Torch operation time measurement

sabiha_afroz · May 15, 2024, 2:16pm

I want to measure the torch operation execution time.

device = "cuda:0"
add_1 = torch.randn(1, 64, 1, 1).to(device)

with_stack=True,
with profile(activities=[ProfilerActivity.CUDA, ProfilerActivity.CPU], record_shapes=True, profile_memory=True) as prof:
    with record_function("operation"):
        rsqrt = torch.ops.aten.rsqrt.default(add_1)
print(prof.key_averages().table())

This profiler activity gives the following output for execution time.
Self CPU time total: 22.537ms
Self CUDA time total: 1.000us

torch.cuda.current_stream().synchronize()
t0 = time.time()
rsqrt = torch.ops.aten.rsqrt.default(add_1)
torch.cuda.current_stream().synchronize()
t1 = time.time()

This code snippet gives me the time 0.17ms

start = torch.cuda.Event(enable_timing=True)
end = torch.cuda.Event(enable_timing=True)

start.record()
rsqrt = torch.ops.aten.rsqrt.default(add_1)
end.record()
torch.cuda.current_stream().synchronize()

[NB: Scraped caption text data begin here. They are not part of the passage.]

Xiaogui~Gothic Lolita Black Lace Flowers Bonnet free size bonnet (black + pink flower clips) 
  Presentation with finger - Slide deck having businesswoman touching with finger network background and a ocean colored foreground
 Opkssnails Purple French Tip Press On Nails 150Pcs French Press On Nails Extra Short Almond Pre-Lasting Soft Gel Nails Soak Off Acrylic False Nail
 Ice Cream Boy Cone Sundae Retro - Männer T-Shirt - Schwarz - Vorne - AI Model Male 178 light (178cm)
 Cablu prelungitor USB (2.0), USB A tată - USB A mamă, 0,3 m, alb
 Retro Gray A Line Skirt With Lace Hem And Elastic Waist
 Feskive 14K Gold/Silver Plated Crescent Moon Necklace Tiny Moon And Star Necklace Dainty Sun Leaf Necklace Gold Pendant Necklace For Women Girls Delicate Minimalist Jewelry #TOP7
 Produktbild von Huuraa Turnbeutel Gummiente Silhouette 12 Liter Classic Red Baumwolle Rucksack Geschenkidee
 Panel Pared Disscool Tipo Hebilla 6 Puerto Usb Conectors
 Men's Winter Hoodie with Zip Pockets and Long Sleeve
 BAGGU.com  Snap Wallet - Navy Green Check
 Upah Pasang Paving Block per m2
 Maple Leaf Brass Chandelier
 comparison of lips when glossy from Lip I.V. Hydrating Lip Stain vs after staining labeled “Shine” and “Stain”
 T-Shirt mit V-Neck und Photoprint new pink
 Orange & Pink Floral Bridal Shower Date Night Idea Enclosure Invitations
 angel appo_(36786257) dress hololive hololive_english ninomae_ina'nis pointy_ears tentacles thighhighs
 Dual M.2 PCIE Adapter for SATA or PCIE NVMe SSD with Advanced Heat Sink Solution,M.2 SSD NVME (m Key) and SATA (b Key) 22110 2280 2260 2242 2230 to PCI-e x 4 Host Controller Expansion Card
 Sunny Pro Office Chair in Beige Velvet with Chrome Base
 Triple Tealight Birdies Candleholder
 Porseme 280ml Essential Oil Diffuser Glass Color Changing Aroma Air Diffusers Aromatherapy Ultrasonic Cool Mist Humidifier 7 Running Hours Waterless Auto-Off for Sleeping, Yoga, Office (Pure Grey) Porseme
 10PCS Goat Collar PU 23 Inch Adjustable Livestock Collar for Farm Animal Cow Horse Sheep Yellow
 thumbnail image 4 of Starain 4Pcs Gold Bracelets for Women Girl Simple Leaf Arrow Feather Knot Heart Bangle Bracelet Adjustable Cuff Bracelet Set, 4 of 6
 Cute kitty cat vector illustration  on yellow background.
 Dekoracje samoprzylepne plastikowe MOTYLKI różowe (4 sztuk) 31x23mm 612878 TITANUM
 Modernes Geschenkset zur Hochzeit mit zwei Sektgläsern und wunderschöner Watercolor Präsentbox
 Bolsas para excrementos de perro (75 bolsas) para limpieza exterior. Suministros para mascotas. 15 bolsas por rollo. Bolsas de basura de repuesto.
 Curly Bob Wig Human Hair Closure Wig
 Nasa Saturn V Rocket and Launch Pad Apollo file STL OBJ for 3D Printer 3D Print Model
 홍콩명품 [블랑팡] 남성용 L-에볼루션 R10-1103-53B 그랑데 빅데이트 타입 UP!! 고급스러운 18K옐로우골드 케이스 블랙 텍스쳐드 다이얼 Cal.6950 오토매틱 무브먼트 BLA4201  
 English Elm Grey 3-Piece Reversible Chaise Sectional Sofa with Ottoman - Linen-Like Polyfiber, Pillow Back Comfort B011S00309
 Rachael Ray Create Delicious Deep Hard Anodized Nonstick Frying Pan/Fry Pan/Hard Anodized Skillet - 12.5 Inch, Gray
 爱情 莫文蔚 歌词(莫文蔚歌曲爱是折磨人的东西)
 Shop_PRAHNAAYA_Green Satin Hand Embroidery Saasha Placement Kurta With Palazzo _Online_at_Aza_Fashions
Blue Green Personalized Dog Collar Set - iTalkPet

torch.cuda.Event gives me the GPU execution time 0.10 ms.

What is the right approach of measuring torch operation execution time?
I have a model and I want to measure the training time of it.


import torch
import torchvision
import time

device = "cuda:0"
num_iter = 1

model = torchvision.models.resnet50(pretrained=True).to(device)

inputs = torch.randn(1, 3, 224, 224).to("cuda:0")
labels = torch.randn(1, 1000).to("cuda:0")

learning_rate = 0.001
criterion = torch.nn.CrossEntropyLoss()
optimizer = torch.optim.Adam(model.parameters(), lr=learning_rate)

torch.cuda.current_stream().synchronize()
t0 = time.time()

optimizer.zero_grad()
outputs = model(inputs)
loss = criterion(outputs, labels)
loss.backward()
optimizer.step()

torch.cuda.current_stream().synchronize()
t1 = time.time()
print(f"Total Time taken for the model training: {(t1 - t0) / num_iter * 1000} ms")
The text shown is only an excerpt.